§ **Exercise aim**
What are the lines from the one containing "UGG Blue Long" through the last line of the records below? Return them exactly, leaving out pictures.

§ **Extracted data**
———

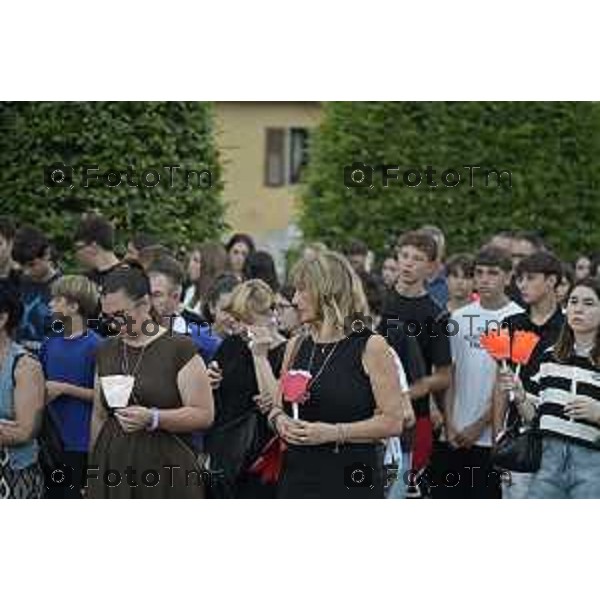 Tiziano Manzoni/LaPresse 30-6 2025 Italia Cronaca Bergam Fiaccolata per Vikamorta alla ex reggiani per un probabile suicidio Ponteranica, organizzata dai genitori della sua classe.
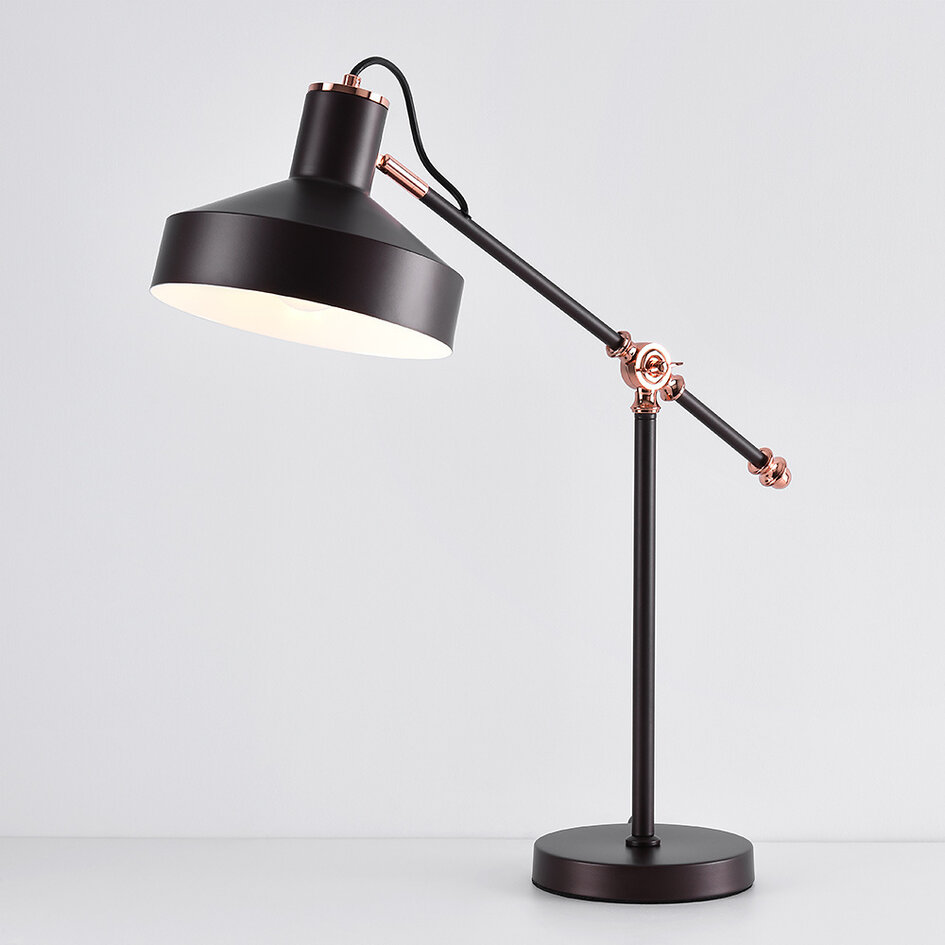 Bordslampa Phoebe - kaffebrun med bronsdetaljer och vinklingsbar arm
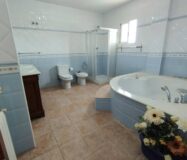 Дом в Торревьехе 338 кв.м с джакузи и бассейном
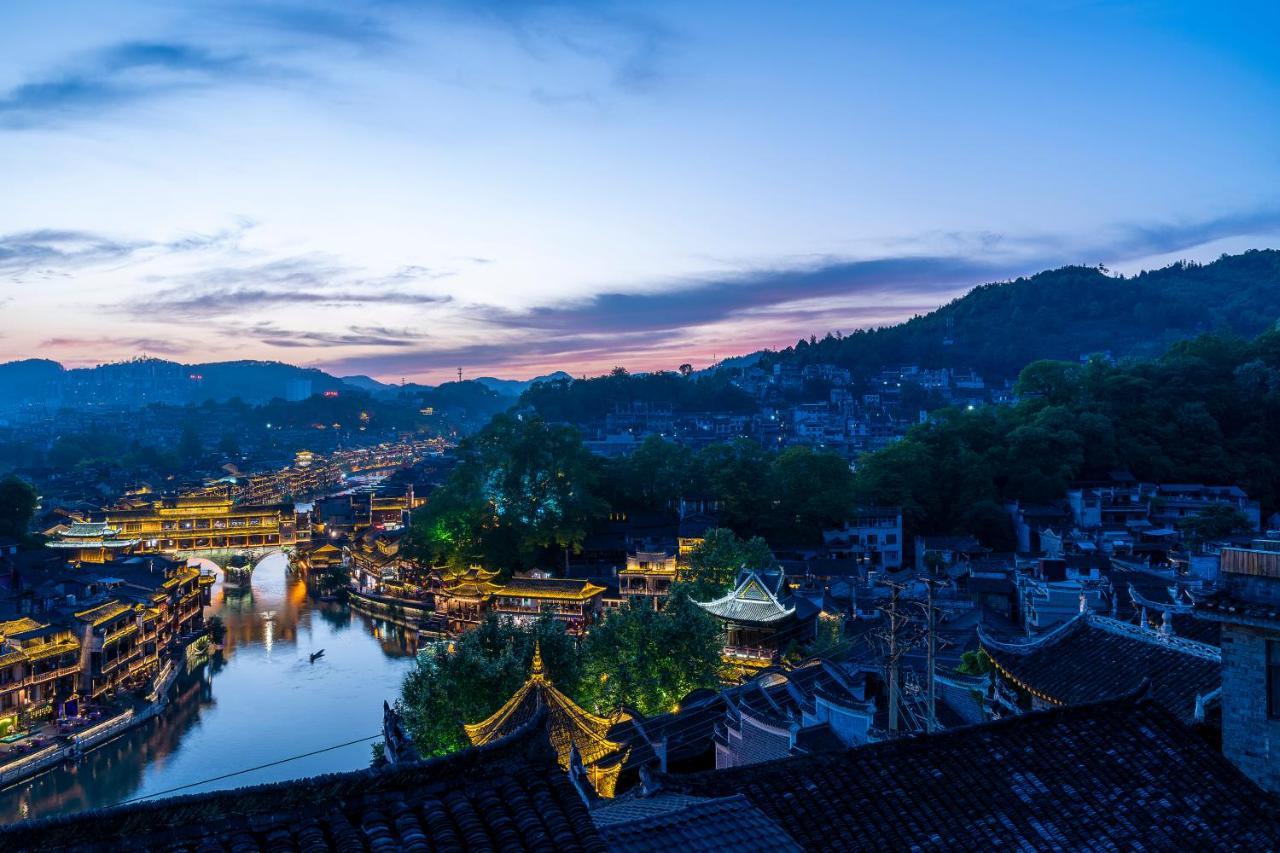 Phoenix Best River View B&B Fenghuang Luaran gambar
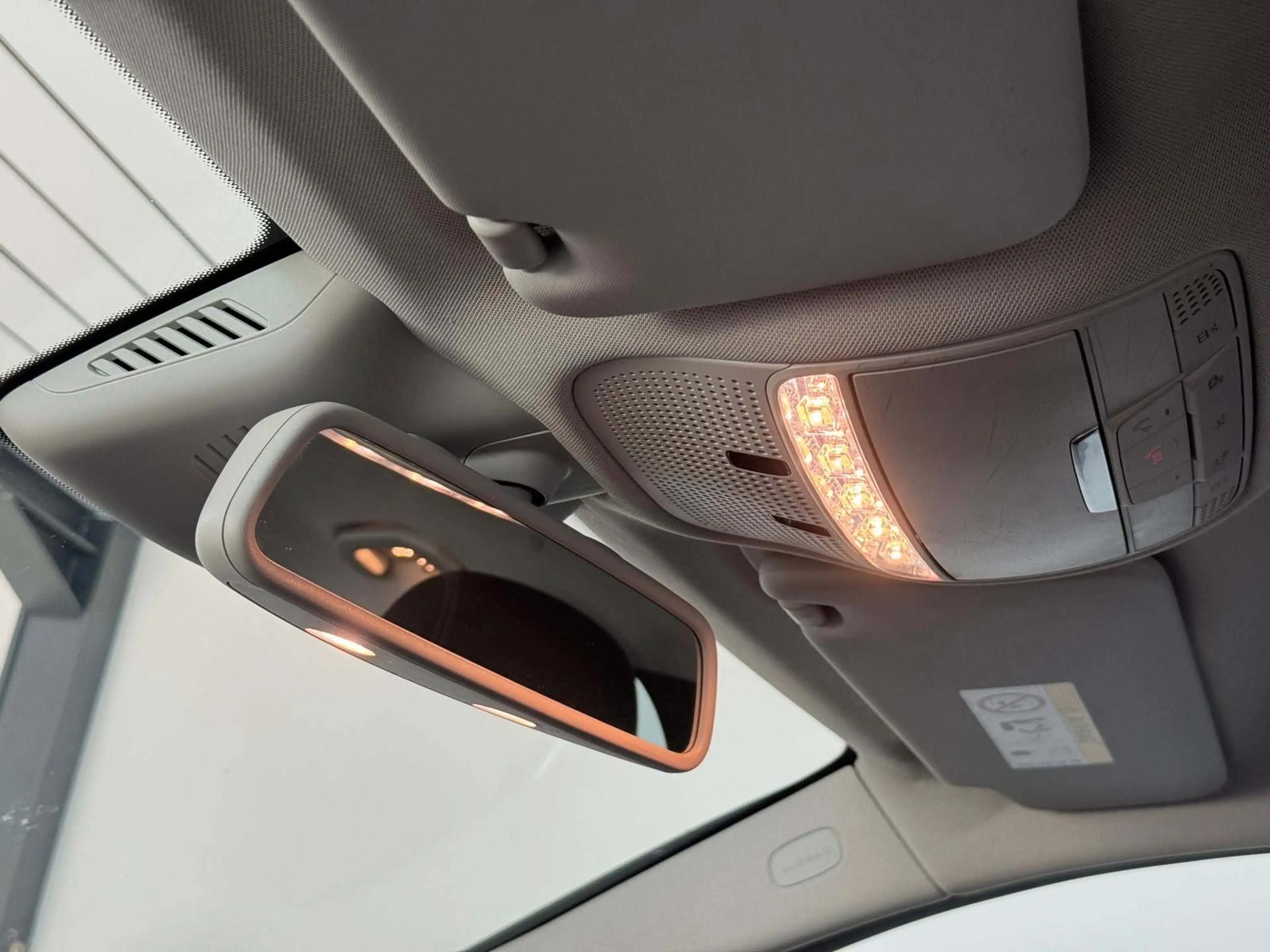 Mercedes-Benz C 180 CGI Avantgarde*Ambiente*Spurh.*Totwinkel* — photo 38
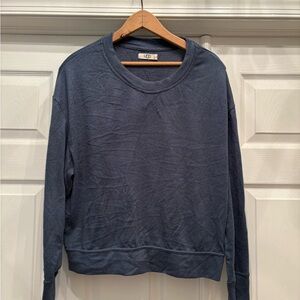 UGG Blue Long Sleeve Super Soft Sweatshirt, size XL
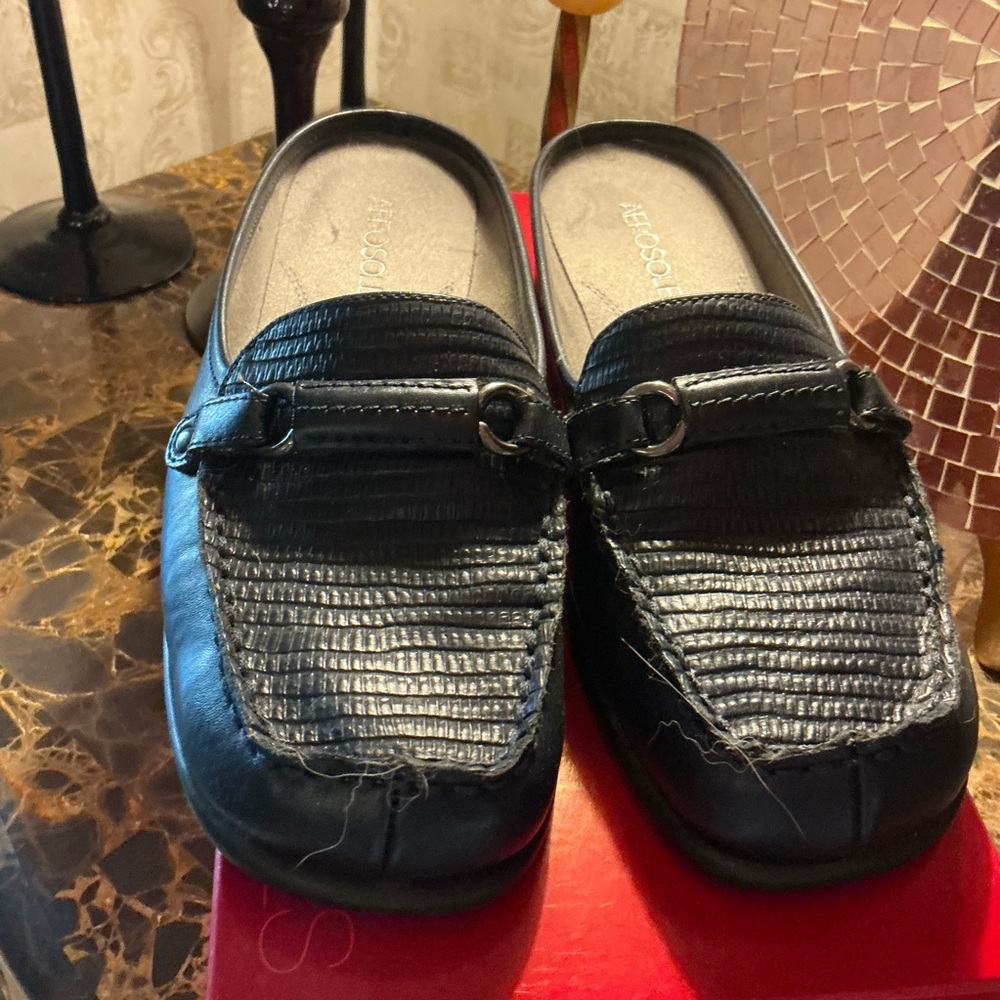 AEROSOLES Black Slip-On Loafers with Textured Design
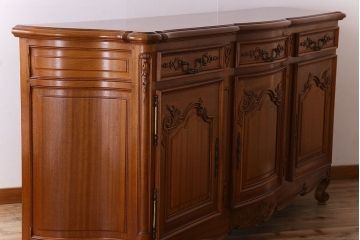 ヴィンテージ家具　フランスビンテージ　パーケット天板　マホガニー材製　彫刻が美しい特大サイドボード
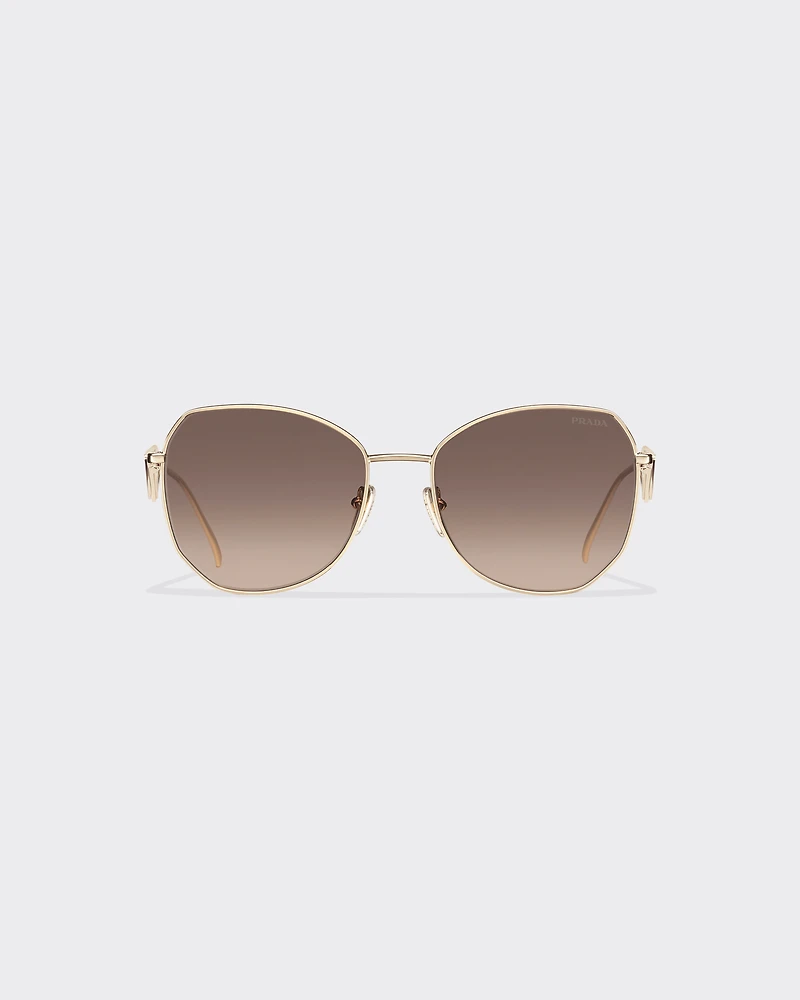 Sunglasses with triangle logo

———

§ **Finished task**
 UGG Blue Long Sleeve Super Soft Sweatshirt, size XL
 AEROSOLES Black Slip-On Loafers with Textured Design
 ヴィンテージ家具　フランスビンテージ　パーケット天板　マホガニー材製　彫刻が美しい特大サイドボード
 Sunglasses with triangle logo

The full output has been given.